Analyst · U.S. Capital Advisors

Yes, I think so, and particularly in the north platform, one of the things we're seeing that is the oil bank was probably pushed more towards the well bores prior to us even injecting, because there had been CO2 injected in that area back probably in the late 90s with Penns [ph] Energy. So CO2 had already been in the ground, and that's the upside on this, as we're seeing that in tight zones, that the longer the CO2 sits in there, it starts making that oil bank. And we drilled some horizontals. We had trouble getting delays and getting permits from the railroad commission for 2 or 3 months and we're producing 400, 500 barrels a day out of those horizontals that we're using now as injectors. So that gives you an idea of the oil bank that was ready there, and that's what gives us a huge opportunity for some of the bypassed oil back in some of the other areas in Bullseye and so forth, where we put lot of CO2 into the middle canyon, and just didn't produce the barrels out that with that we would. It was a geat opportunity to go in with horizontals, and get that back in there.

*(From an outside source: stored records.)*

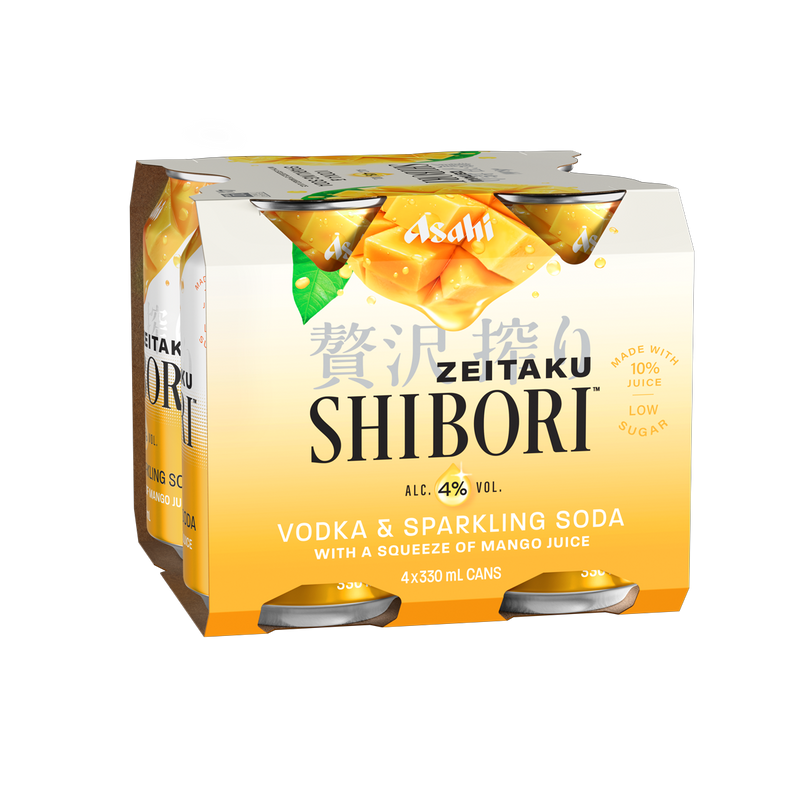 Asahi Shibori Mango 4x330C - Liquor Library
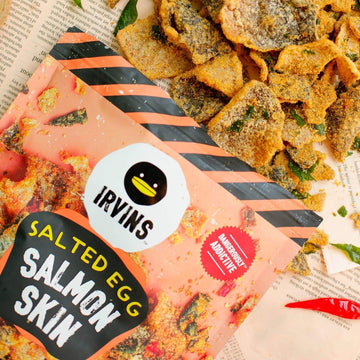 Irvins Dangerously Addictive Salted Egg Chips Crisps Snacks (Salted Egg Salmon, 105G)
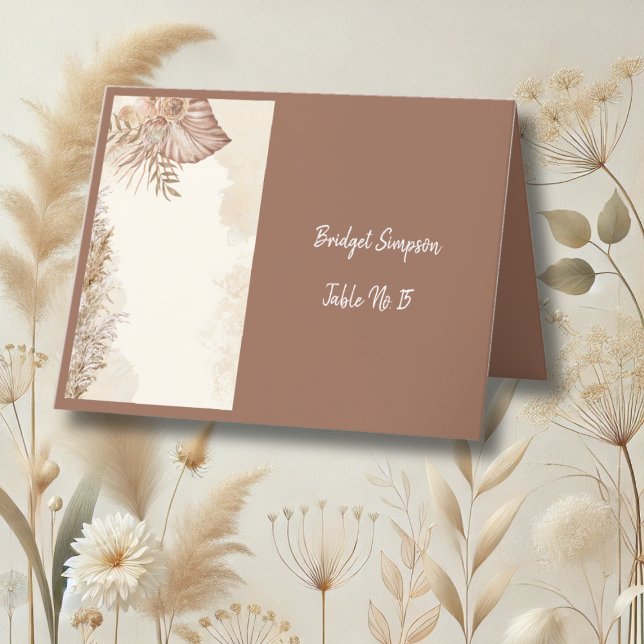 Elegante tarjeta de visita única del Boda Neutral  (Subido por el creador)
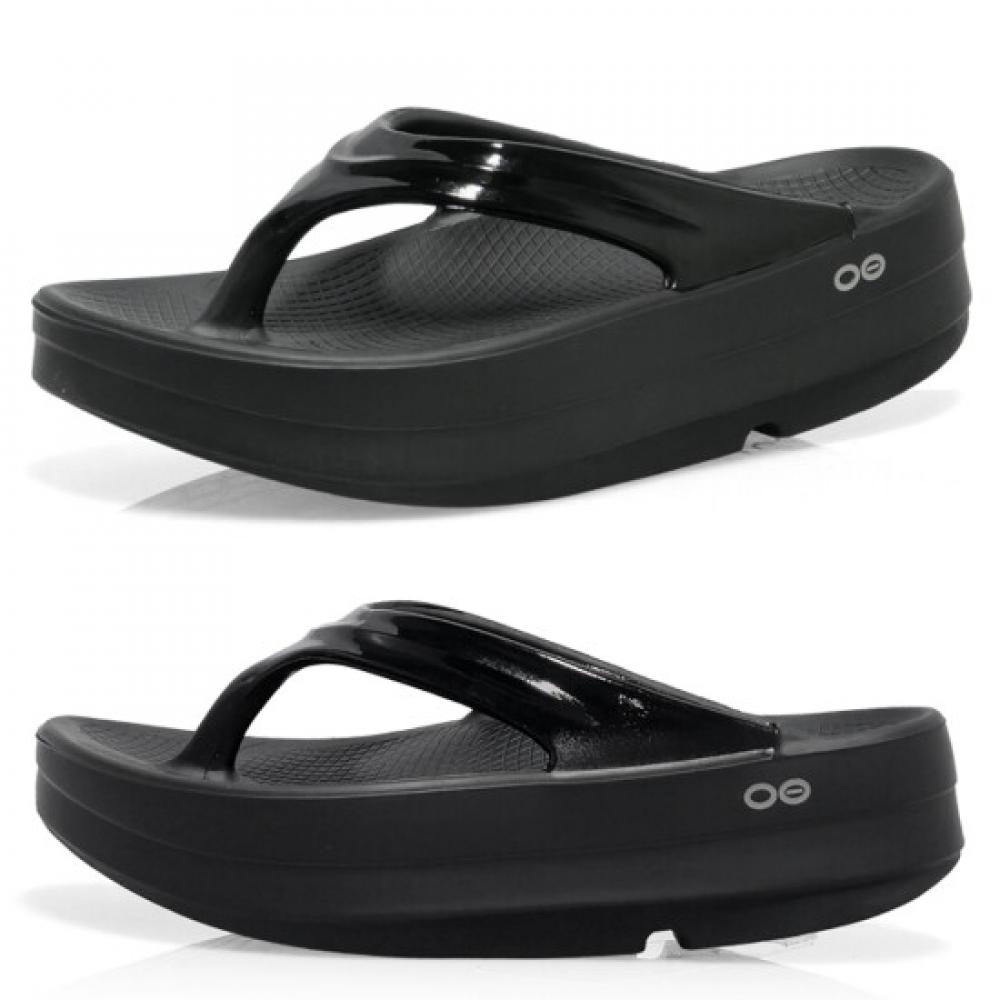 OOfos Oomega Flip Flop Black 1410 Black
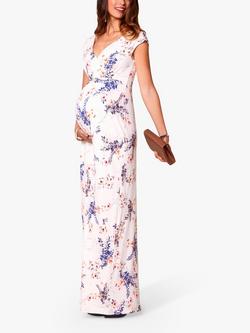 Tiffany Rose Alana Japanese Garden Print Maternity Maxi Dress - view 2, Ivory/Multi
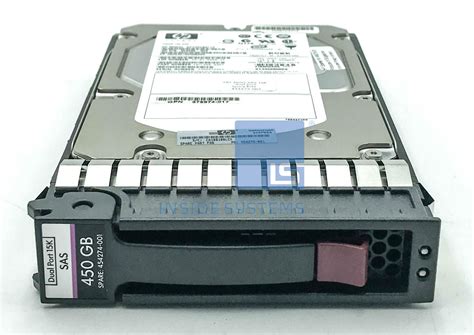 454274 001 450GB Hot Plug Dual Port SAS Hard Disk Inside Systems A S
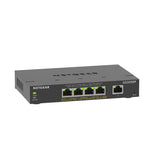 NETGEAR 5 Port Gigabit Ethernet Smart Managed Plus PoE Switch (GS305EP) - with 4 x PoE+ @ 63W, Desktop/Wall Mount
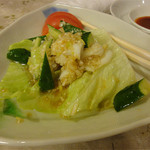中国料理 丸勝 - 花咲きイカと胡瓜の冷菜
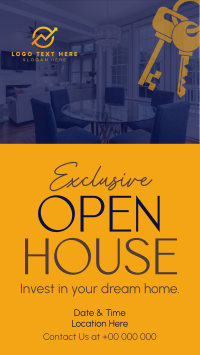 Elegant Open House TikTok Video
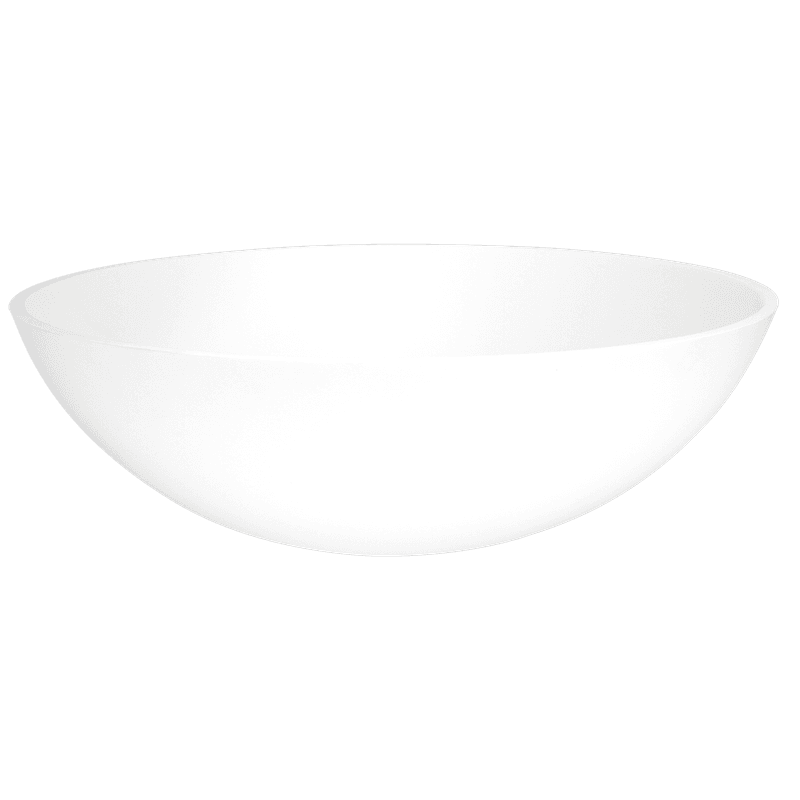 iStone Round Basin 400 x 130mm Matte White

Rebecca Followill - U.S. Capital Advisors LLC, Research Division

Analyst · U.S. Capital Advisors

Can you speak to how many horizontals you drilled during the quarter?

Unknown Executive

Analyst · U.S. Capital Advisors

I believe we drilled 4 during the quarter.

Rebecca Followill - U.S. Capital Advisors LLC, Research Division

Analyst · U.S. Capital Advisors

And then, plans for '14?

Unknown Executive

Analyst · U.S. Capital Advisors

We've -- can't remember all of them. I know we've got a couple of -- that we're going in to test the bypass oil and then I think we've got just our regular development, up in the platform area, I think we've got 4 or 5 of them set to go there.

Rebecca Followill - U.S. Capital Advisors LLC, Research Division

Analyst · U.S. Capital Advisors

And then last question on the per unit DD&A in the CO2 business. It looks like it was a sizable drop quarter-to-quarter, about $2 a barrel. Anything in particular going on there?

Richard D. Kinder

Analyst · U.S. Capital Advisors

Drop in the DD&A per unit.

Unknown Executive

Analyst · U.S. Capital Advisors

I think the key thing there was just the additional barrels that we produced in -- at SACROC, lower rate that we've been able to push in there. We've got a lot more barrels. We -- the infrastructure's now getting to a point where we're not having to add a lot of extra infrastructure to get to additional oil. And so that, over time's just going to push that rate down.

Operator

Operator

And I am showing no further questions at this time.

Richard D. Kinder

Analyst · Raymond James

Okay, well, thanks to all of you. I appreciate you sharing some time with us. Thank you, have a good evening.

Operator

Operator

Thank you. This does conclude the conference. You may disconnect at this time.